Oxford City Council and partners carrying out study to investigate city-wide heat network

The City Council is carrying out a study looking at how local buildings could share highly efficient methods of generating electricity and heat with neighbours to reduce the city’s carbon footprint.Government Opportunities

The £136,000 study, largely funded by the Government’s Department of Energy and Climate Change, is investigating the feasibility of installing a network of pipes under the city centre and Headington areas to do this.

It is hoped that businesses in the city centre will be able to connect to the network and heat their properties from the same high-efficiency boilers and CHP (Combined Heat and Power) plant – with renewable energy and waste heat potentially playing a role too.

The hope one day is to have a large network of heat pipes running under Oxford, potentially heating homes in some of the city’s housing estates by utilising excess heat from big heat users, such as local industry.

This would not only cut the heat wastage and carbon emissions but also save residents and businesses about 20 per cent on their bills.

If successful, the scheme could become the single biggest contributor towards the city reducing its carbon emissions.
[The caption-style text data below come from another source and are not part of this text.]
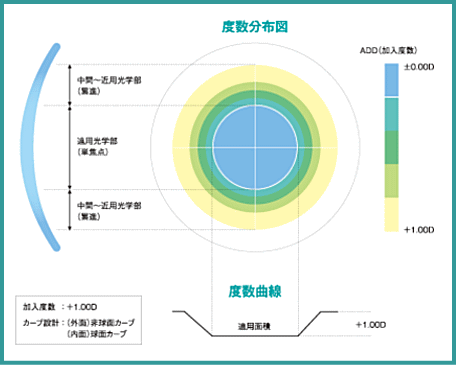 シード マルチフォーカルＯ２ノアのデザイン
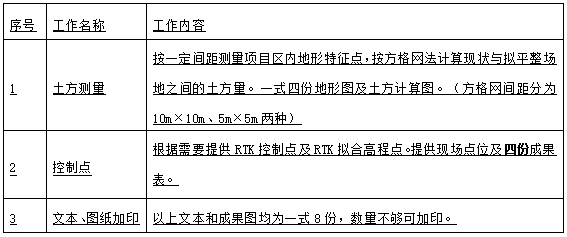68号公告图片2.png 68号公告图片2.png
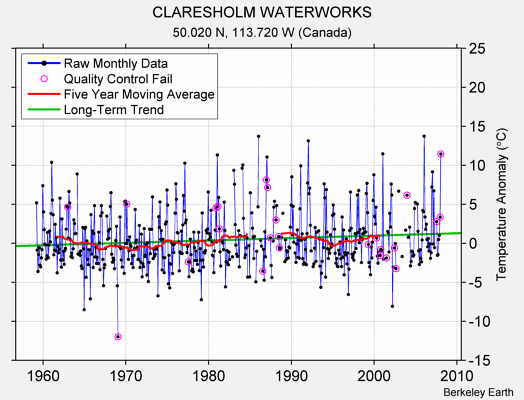 CLARESHOLM WATERWORKS Raw Mean Temperature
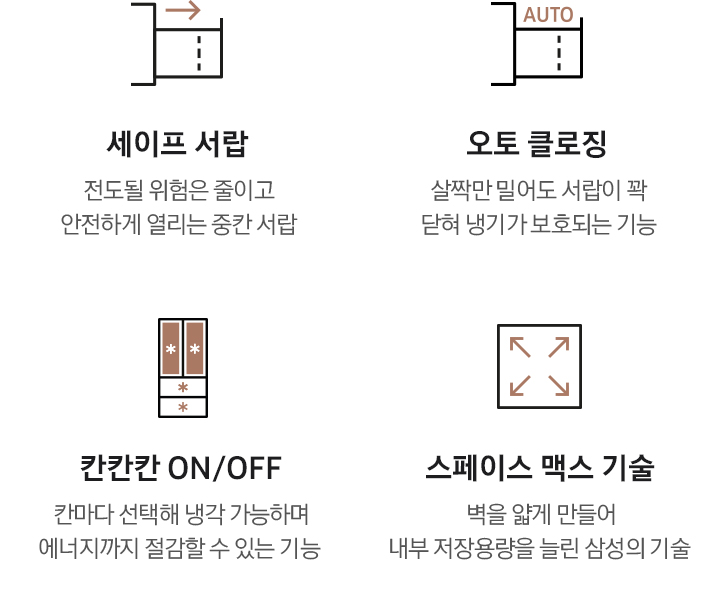 김치냉장고 적용 기술을 간단한 일러스트와 문구로 나타낸 이미지 입니다. 좌측부터 세이프 서랍-전도될 위험은 줄이고 안전하게 열리는 중칸 서랍 문구와 측면에서 바라본 중칸 서랍이 열리는 일러스트, 오토 클로징-살짝만 밀어도 서랍이 꽉 닫혀 냉기가 보호되는 기능 문구와 좌측에서 바라본 중칸 서랍이 열려있고 AUTO 문구가 쓰여있는 일러스트, 칸칸칸ON/OFF-칸마다 선택해 냉각 가능하며 에너지까지 절감할 수 있는 기능 문구와 4도어 김치냉장고 각 칸마다 냉각 아이콘이 있는 일러스트, 스페이스 맥스 기술-벽을 얇게 만들어 내부 저장용량을 늘린 삼성의 기술 문구와 사각형 안에서 화살표가 각 모서리로 뻗어나가는 일러스트가 나와있습니다.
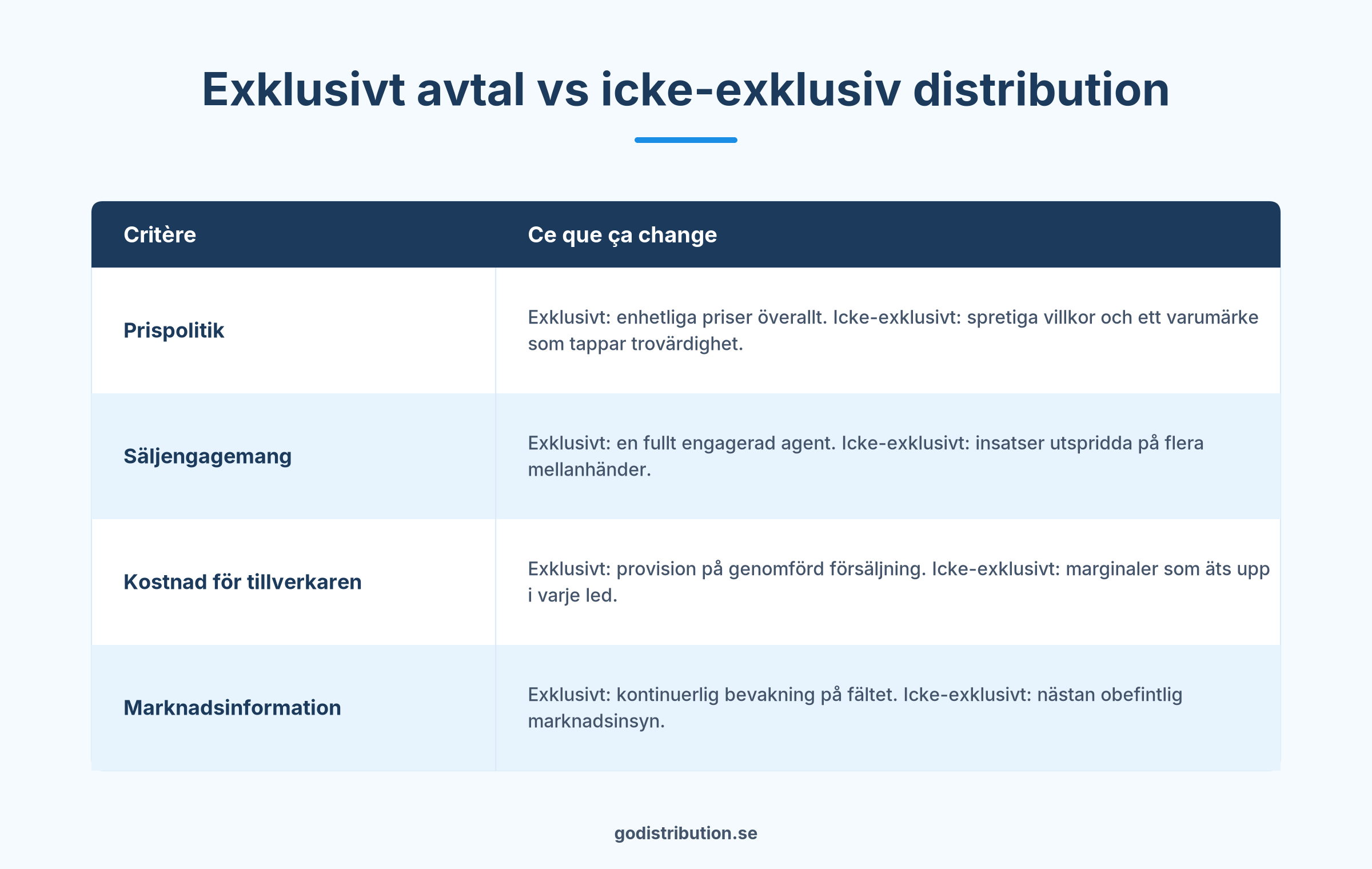 Jämförelse mellan exklusivt distributionsavtal och icke-exklusiv distribution för att sälja produkter i Frankrike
Theoretically, it has the potential to cut Oxford’s total carbon emissions by around 20 per cent – or more if renewable energy technologies are deployed.

Find more information here.

Councillor John Tanner, City Executive Board Member for A Clean and Green Oxford, said:

“Oxford City Council punches well above its weight and leads by example when it comes to tackling climate change, which is one of the biggest threats not just to the city through flooding but to the entire planet.

“We have ambitions to achieve even more, which is one of the reasons why we have teamed up with Oxfordshire’s other district councils to launch a set of proposals that will devolve more power to local people and unlock £6bn of funding.

“These devolution proposals will give the City Council powers over transport, for the first time since 1974, enabling us to do a lot more to tackle climate change and air quality in the city.

“One simple example of this is that the heat pipe network will suddenly become significantly easier to achieve if we become the highways authority for the city because we could install the pipes under either the roads or pavements – both of which the County Council currently has responsibility for.”